Task 4 Large-scale weakly supervised sound event detection for smart cars

Last update May 1: Added baseline code (based on Task 3's system), performance and Subtask A metric code. Update Apr2: Added strong labels. Update Apr1: Added evaluation folder.

Coordinators

Benjamin Elizalde, Emmanuel Vincent, Bhiksha Raj

Data Preparation, Annotations

Ankit Shah (ankit.tronix@gmail.com), Benjamin Elizalde (bmartin1@andrew.cmu.edu)

Annotations, Baseline and Subtask A Metric

Rohan Badlani (rohan.badlani@gmail.com), Benjamin Elizalde (bmartin1@andrew.cmu.edu)

Index

  1. Script to download the development data for Task 4

  2. Script to evaluate Task 4 - Subtask A (Audio tagging)

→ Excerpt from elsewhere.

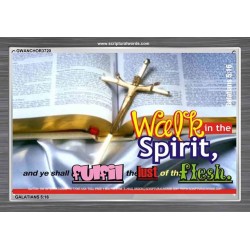 WALK IN THE SPIRIT   Framed Bible Verse   (GWANCHOR3720)   "33x25"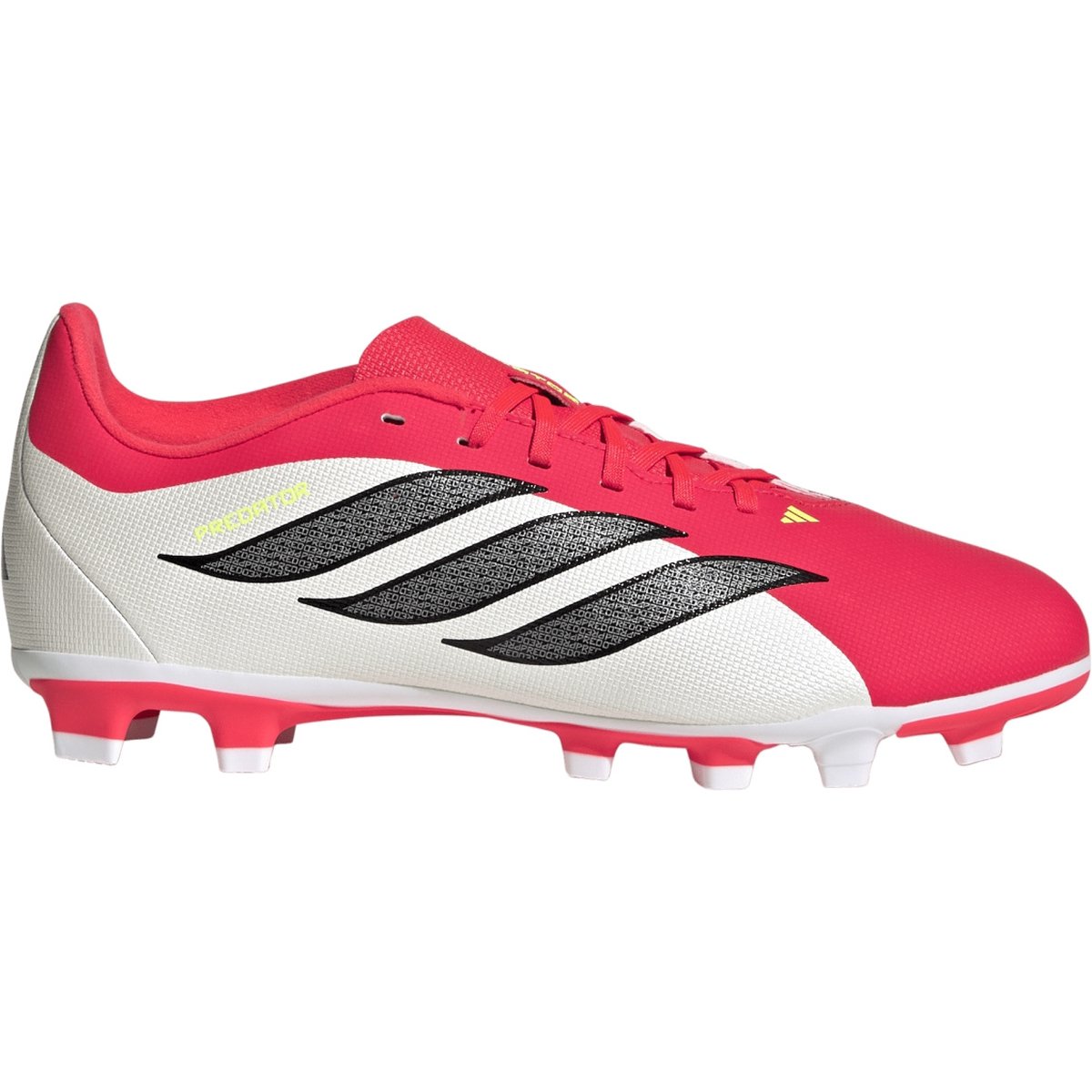 Adidas Fussball-Rasenschuhe Predator Club Firm Ground/Multi Ground Kids – LUCRED/CBLACK/FTWWHT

  3. Strong Label's annotations for Testing


  1. Script to download the development data for Task 4

Prerequisite installations

  1. youtube-dl - [sudo] pip install --upgrade youtube_dl
  2. pafy - [sudo] pip install pafy
  3. tqdm (progress bar) - [sudo] pip install tqdm
  4. multiprocessing - [sudo] pip install multiprocessing
  5. sox tool - sudo apt-get install sox
  6. ffmpeg - sudo apt-get install ffmpeg

Cloning this repository

Since this is a repository that references DCASE2017-baseline-system as a submodule, you should use the following command to clone this repository completely:

git clone --recurse

Features

  1. Downloads the audio from the videos for the testing set first and then for the training set. - Multiprocessing - ensures three files are downloaded simultaneously to reduce the heavy download time to 40 percent as compared with single threaded performance.
  2. Formats the audio with consistent parameters - currently set as 1 channel, 16 bit precision, 44.1kHz sampling rate.
  3. Extracts the 10-sec segments from the formatted audio according to the start and end times.
  4. The script output includes the audio for 1,2 and 3, unless testing script is modified to remove audio from 2 and/or 3, that is the original audio and the formatted audio.
  5. To denote a unique identifier for every run/launch of downloading files - script stores the timestamp and assigns to each of the output files and folder names.
  6. Please, contact Ankit/Benjamin in case one or more videos are not properly downloaded or available, or with any other issue. Participants can create their own scripts to download the audio. Please ensure that you have all the 10-sec clip in the lists.

Lists

Download audio: testing_set.csv, training_set.csv Groundtruth weak labels: groundtruth_weak_label_testing_set.csv groundtruth_weak_label_training_set.csv Groundtruth strong labels: groundtruth_strong_label_testing_set.csv groundtruth_strong_label_training_set.csv

Usage

$python download_audio.py <CSV filename - relative path is also fine> Sample Usage - python download_audio.py training_set.csv

User Modifiable Parameters and Options

  1. Audio formatting can be modified in the "format_audio" method defined in the script download_youtube_audio_from_csv_and_delete_original.py
  2. Removal of original audio and/or formatted audio paths can be done by uncommenting and modifying <os.system(cmdstring2)> in "download_audio_method" function defined in download_audio.py

Output

  1. First folder contains original best audio from youtube: <csv_name><testing/training>_audio_downloaded
  2. Second folder contains the corresponding formatted audio: <csv_name><testing/training>_audio_formatted_downloaded
  3. Third folder contains the extracted 10-sec segments: <csv_name><testing/training>_audio_formatted_downloaded_and_ssegmented_downloads

Note:- To each downloaded audio string "Y" is added as tools like sox and ffmpeg causes problem when filename starts with "--" or "-".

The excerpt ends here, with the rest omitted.